Dynamic evolution of base composition: Causes and consequences in avian phylogenomics

Benoit Nabholz, Axel Künstner, Rui Wang, Erich D. Jarvis*, Hans Ellegren

Resolving the phylogenetic relationships among birds is a classical problem in systematics, and this is particularly so when it comes to understanding the relationships among Neoaves. Previous phylogenetic inference of birds has been limited to mitochondrial genomes or a few nuclear genes. Here, we apply deep brain transcriptome sequencing of nine bird species (several passerines, hummingbirds, dove, parrot, and emu), using next-generation sequencing technology to understand features of transcriptome evolution in birds and how this affects phylogenetic inference, and combine with data from two bird species using first generation technology. The phylogenomic data matrix comprises 1,995 genes and a total of 0.77 Mb of exonic sequence. First, we find an unexpected heterogeneity in the evolution of base composition among avian lineages. There is a pronounced increase in guanine + cytosine (GC) content in the third codon position in several independent lineages, with the strongest effect seen in passerines. Second, we evaluate the effect of GC content variation on phylogenetic reconstruction. We find important inconsistencies between the topologies obtained with or without taking GC variation into account, each supporting different conclusions of past studies and also influencing hypotheses on the evolution of the trait of vocal learning.
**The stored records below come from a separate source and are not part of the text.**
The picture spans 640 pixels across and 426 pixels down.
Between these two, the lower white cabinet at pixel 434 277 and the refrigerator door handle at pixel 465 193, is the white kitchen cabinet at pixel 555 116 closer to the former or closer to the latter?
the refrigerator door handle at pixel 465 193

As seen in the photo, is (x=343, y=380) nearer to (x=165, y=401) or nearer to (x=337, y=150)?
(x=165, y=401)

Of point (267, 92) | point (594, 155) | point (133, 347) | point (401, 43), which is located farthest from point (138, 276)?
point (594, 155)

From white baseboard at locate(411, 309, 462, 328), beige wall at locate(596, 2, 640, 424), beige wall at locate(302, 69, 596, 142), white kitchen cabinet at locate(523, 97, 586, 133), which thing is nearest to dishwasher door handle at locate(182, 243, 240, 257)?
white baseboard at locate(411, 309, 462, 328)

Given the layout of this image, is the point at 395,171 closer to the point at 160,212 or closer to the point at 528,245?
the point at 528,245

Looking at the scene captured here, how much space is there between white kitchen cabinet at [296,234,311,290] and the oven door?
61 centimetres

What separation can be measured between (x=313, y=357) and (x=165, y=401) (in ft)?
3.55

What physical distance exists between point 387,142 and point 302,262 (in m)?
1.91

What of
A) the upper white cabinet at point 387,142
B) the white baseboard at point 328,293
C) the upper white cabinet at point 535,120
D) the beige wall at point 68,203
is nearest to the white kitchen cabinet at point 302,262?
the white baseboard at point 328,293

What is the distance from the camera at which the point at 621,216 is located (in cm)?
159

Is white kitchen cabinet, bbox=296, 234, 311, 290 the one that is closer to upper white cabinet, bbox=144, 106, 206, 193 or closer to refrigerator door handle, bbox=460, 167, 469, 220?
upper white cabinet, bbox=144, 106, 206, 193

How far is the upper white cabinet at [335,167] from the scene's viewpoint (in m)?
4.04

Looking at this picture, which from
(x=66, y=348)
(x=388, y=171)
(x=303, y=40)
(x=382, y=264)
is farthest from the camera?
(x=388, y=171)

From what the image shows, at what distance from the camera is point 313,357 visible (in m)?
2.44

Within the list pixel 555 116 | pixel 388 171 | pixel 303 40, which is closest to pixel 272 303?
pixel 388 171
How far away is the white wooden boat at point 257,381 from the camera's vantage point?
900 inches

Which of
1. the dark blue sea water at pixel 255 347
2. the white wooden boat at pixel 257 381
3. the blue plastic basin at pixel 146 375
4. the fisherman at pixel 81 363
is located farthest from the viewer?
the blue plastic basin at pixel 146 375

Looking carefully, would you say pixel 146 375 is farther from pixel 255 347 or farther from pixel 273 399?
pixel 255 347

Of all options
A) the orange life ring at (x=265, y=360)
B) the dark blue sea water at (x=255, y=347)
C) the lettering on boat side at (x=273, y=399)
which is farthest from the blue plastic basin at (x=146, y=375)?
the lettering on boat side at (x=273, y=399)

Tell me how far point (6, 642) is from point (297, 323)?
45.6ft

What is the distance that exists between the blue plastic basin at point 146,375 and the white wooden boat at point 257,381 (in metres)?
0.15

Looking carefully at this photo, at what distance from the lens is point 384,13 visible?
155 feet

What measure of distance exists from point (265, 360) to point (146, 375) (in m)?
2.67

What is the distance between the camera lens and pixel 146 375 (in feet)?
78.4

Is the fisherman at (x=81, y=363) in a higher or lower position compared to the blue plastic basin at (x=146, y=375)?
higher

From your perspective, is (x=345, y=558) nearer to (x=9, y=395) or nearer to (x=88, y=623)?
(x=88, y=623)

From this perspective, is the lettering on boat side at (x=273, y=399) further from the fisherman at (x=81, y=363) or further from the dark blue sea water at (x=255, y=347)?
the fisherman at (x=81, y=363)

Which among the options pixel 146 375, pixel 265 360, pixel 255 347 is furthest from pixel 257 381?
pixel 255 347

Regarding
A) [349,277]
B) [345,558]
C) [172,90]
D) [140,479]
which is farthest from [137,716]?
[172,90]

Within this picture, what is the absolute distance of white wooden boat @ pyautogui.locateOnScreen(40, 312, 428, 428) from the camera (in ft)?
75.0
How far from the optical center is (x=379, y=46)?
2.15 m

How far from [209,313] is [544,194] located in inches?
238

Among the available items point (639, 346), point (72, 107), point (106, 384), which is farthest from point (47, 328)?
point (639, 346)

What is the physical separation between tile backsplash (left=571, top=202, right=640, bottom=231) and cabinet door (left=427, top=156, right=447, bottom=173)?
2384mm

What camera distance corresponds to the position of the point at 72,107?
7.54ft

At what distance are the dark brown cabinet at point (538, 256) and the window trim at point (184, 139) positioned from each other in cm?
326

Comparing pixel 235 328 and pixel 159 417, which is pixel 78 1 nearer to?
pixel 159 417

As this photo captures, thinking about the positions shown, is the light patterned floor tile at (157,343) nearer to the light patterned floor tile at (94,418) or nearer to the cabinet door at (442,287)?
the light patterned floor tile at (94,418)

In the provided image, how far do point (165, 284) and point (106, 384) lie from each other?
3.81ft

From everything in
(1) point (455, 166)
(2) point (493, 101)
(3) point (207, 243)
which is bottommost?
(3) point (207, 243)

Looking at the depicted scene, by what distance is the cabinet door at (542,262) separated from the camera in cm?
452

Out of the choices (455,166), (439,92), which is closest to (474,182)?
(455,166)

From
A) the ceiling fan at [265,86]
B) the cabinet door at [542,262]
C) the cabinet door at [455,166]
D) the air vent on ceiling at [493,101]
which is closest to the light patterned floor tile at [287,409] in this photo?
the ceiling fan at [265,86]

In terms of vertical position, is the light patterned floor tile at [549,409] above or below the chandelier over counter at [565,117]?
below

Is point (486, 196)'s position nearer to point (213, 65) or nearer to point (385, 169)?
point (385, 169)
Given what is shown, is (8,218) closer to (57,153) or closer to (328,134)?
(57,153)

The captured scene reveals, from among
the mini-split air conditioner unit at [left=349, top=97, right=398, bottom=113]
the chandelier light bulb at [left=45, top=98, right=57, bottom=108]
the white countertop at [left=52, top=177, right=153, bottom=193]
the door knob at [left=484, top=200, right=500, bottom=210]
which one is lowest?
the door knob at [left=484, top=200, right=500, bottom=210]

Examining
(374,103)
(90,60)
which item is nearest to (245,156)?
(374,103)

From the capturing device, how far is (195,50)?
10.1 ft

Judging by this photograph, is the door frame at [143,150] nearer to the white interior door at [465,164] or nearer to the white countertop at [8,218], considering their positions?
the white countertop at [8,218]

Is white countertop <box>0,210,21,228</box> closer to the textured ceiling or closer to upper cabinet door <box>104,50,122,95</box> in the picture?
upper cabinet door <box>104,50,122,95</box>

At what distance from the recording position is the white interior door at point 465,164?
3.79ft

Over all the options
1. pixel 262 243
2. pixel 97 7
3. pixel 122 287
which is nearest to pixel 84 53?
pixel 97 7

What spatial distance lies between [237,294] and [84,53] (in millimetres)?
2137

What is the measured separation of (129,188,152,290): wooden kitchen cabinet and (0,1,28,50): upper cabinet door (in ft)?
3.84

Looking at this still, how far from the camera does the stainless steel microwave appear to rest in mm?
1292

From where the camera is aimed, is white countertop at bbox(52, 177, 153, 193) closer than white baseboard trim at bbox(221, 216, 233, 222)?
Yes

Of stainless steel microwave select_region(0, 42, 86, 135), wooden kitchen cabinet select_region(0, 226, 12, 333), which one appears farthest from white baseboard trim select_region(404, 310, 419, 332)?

Third, we demonstrate a link between GC content evolution and recombination rate and, focusing on the zebra finch lineage, find that recombination seems to drive GC content. Although we cannot reveal the causal relationships, this observation is consistent with the model of GC-biased gene conversion. Finally, we use this unparalleled amount of avian sequence data to study the rate of molecular evolution, calibrated by fossil evidence and augmented with data from alligator transcriptome sequencing. There is a 2- to 3-fold variation in substitution rate among lineages with passerines being the most rapidly evolving and ratites the slowest. This study illustrates the potential of next-generation sequencing for phylogenomic studies but also the pitfalls when using genome-wide data with heterogeneous base composition.